Cloud Storage Put Object

Cloud Storage Put Object



Cloud Storage Put Object

Transfer a file from a remote host onto a Google Cloud Platform Bucket.

This component can use a number of common network protocols to transfer data to a Google Cloud Platform Bucket. This component copies, not moves, the target file. In all cases, the source data is specified with a URL.

Currently supported protocols are:

  • FTP
  • HDFS
  • HTTP
  • HTTPS
  • SFTP
  • Windows Fileshare
  • S3 Bucket

Properties

Property Setting Description
Name Text The descriptive name for the component.
Input Data Type Choice Choose a connection protocol from the options available.
Set Home Directory as Root Choice Used with (S)FTP. By default, URLs are relative to the users home directory. This option tells Matillion ETL that the given path is from the server root.
Input Data URL Text The URL, including full path and file name, that points to the file to be uploaded. The format of the URL varies considerably, however a default 'template' is offered once you have chosen a connection protocol.
Note:Special characters used in this field (e.g. in usernames and passwords) must be URL-safe. See documentation on URL Safe Characters for more information. This can be avoided by using the Username and Password properties.
Domain Text The domain that the host file is located on - this parameter only appears when the data type is "Windows Fileshare".
Username Text This is your URL connection username. It is optional and will only be used if the data source requests it.
Password Text This is your URL connection password. It is optional and will only be used if the data source requests it.Users have the option to store their password inside the component but we highly recommend using the Password Manager option.
SFTP Key Text This is your SFTP Private Key. It is optional, only relevant for SFTP, and will only be used if the data source requests it.
This must be the complete private key, beginning with "-----BEGIN RSA PRIVATE KEY-----" and conforming to the same structure as an RSA private key.
Bucket Text/Tree The Bucket and folder to copy the file to. A public Bucket URL can be entered in the text box, although you must have write access.
Output Object Name Text The file name of the output object in the Google Cloud Storage Bucket.

Example URLs

Each protocol, when entered for the first time, will have a sample URL associated with it, detailing the structure of the URL format for that protocol.

Protocol Sample URL
FTP ftp://[username[:password]@]hostname[:port][path]
HDFS hdfs://host:port/filePath
HTTP http://[username[:password]@]hostname[:port][absolute-path]
HTTPS https://[username[:password]@]hostname[:port][absolute-path]
SFTP sftp://[username[:password]@]hostname[:port][path]
Windows Fileshare smb://[[[authdomain;]user@]host[:port][/share[/dirpath][/name]]][?context]
S3 Bucket s3://[bucketname][/path] More...

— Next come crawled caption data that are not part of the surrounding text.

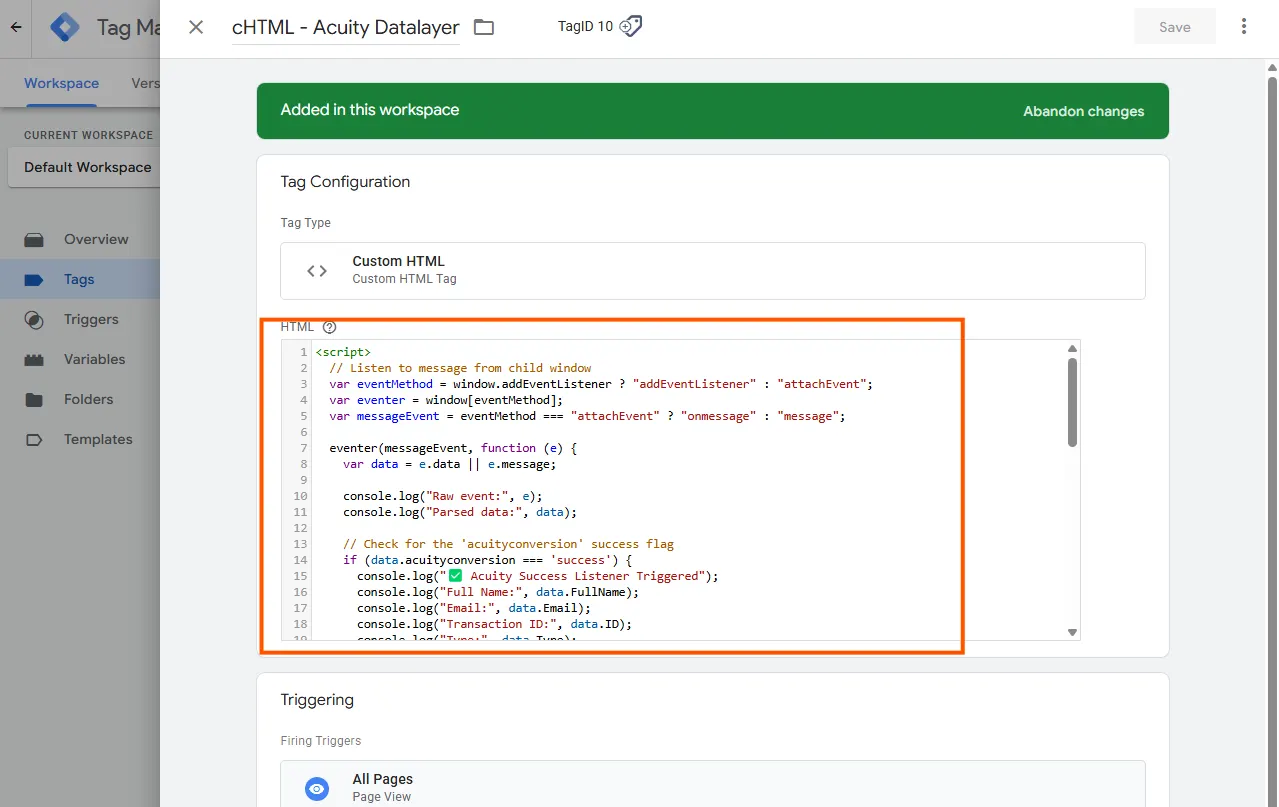 Acuity data layer code in GTM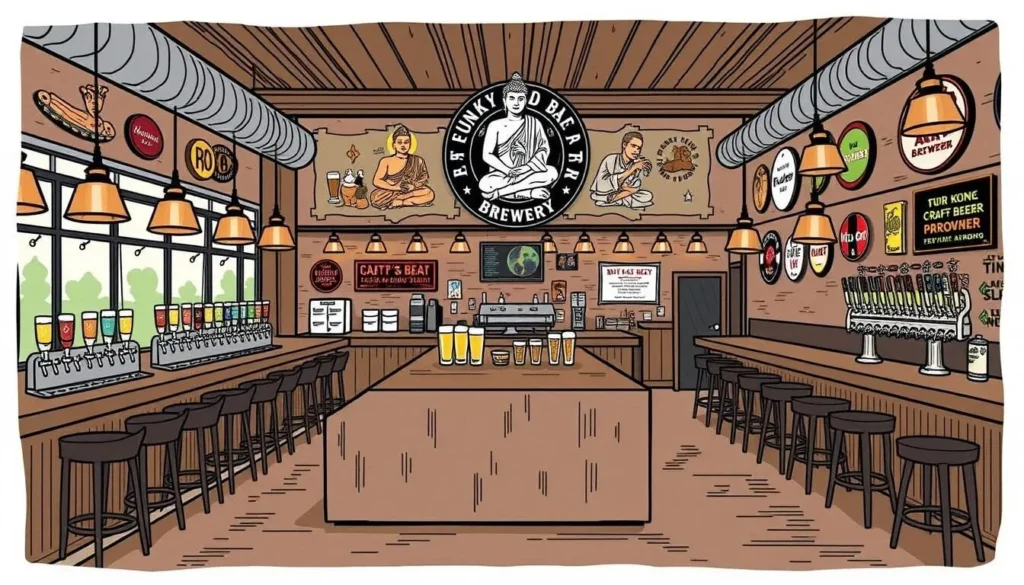 Image of Funky Buddha Brewery taproom with a variety of craft beers on tap Image of Funky Buddha Brewery taproom with a variety of craft beers on tap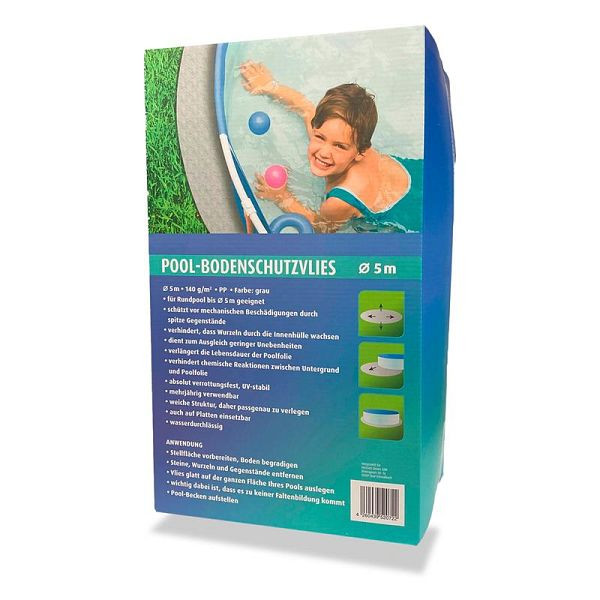 NOOR Poolvlies rund PP-Vlies 140 g/m² grau, Größe 5,0m, 011POOLVLIES-50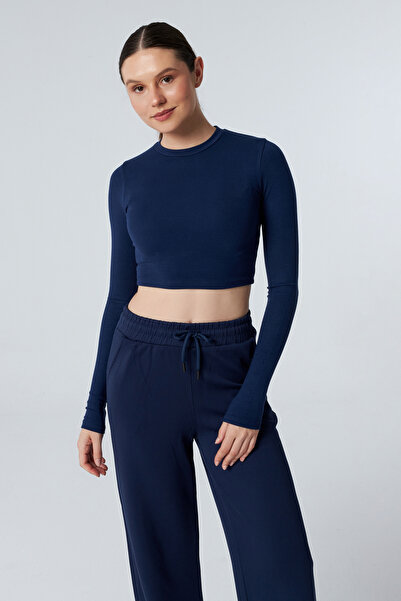 veres Muse Uzun Kollu Pamuklu Crop Bluz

Square brackets indicate that that part of the URL is optional. In particular, whether the username and password are entered within the URL is discouraged - it CAN be done, but it poses a potential security risk, and may not work. Entering the username and password in the parameters provided is the preferred style.
 


Variable Exports

This component makes the following values available to export into variables:

Source Description
Bytes written The number of bytes read from the source and written out.

Example

In this example, we want to move some data from an Amazon S3 bucket and transfer it to a GCP bucket for transformation using BigQuery. This can be quickly and easily achieved inside the Matillion ETL client using the Cloud Storage Put Object component. The job is shown below.

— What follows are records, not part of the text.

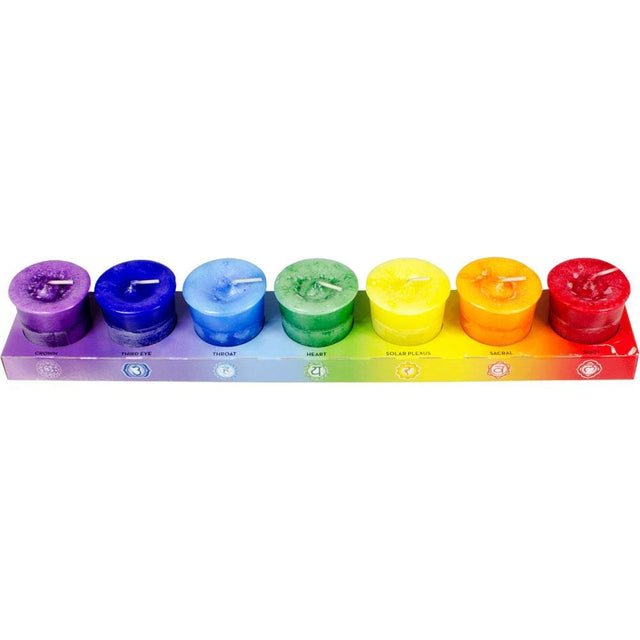 Reiki Charged Chakra Votive Candles (Set of 7) - Magick Magick.com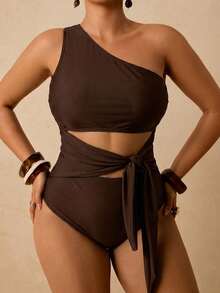 Travachic Plus Size Women's Solid Color Cutout Waist Knot One-Piece Swimsuit For Vacation Bathing Suit - Brown - View 1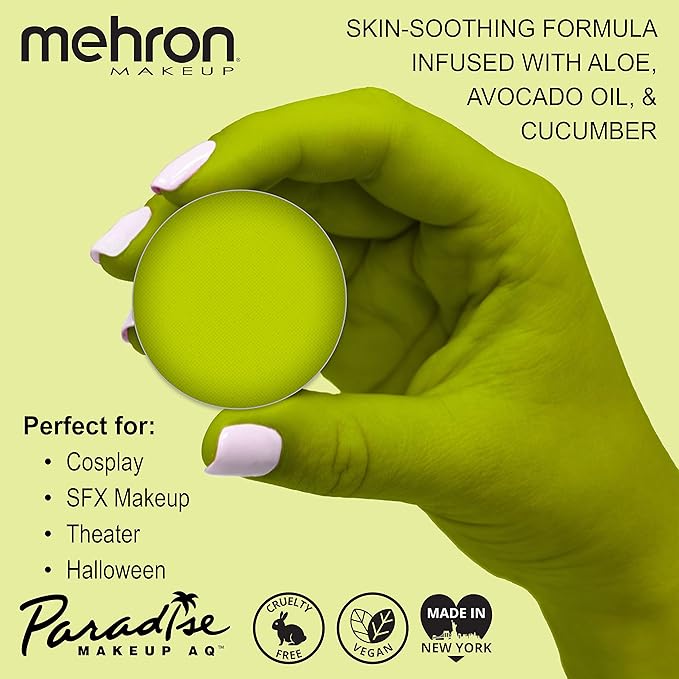 Mehron Makeup Paradise Makeup AQ Refill Size | Stage & Screen, Face & Body Painting, Beauty, Cosplay, and Halloween | Water Activated Face Paint, Body Paint, Cosplay Makeup .25 oz (7 ml) (Lime)-Velvo Beauty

Properties for the Cloud Platform Object Put component are shown below. We have configured the component to look for files on Amazon S3.

Now, the 'Input Data URL' will search Amazon S3 buckets associated with this Matillion ETL client for the input file of your choosing.

The 'Google Storage URL Location' property allows us to select a destination for our new file. The name of this file is determined by the final property: Output Object Name.

When run, this component will take the object from Amazon S3 and place it into GCP S3. We can check this object has been successfully transferred by using a Cloud Storage Load component to check our buckets for the file.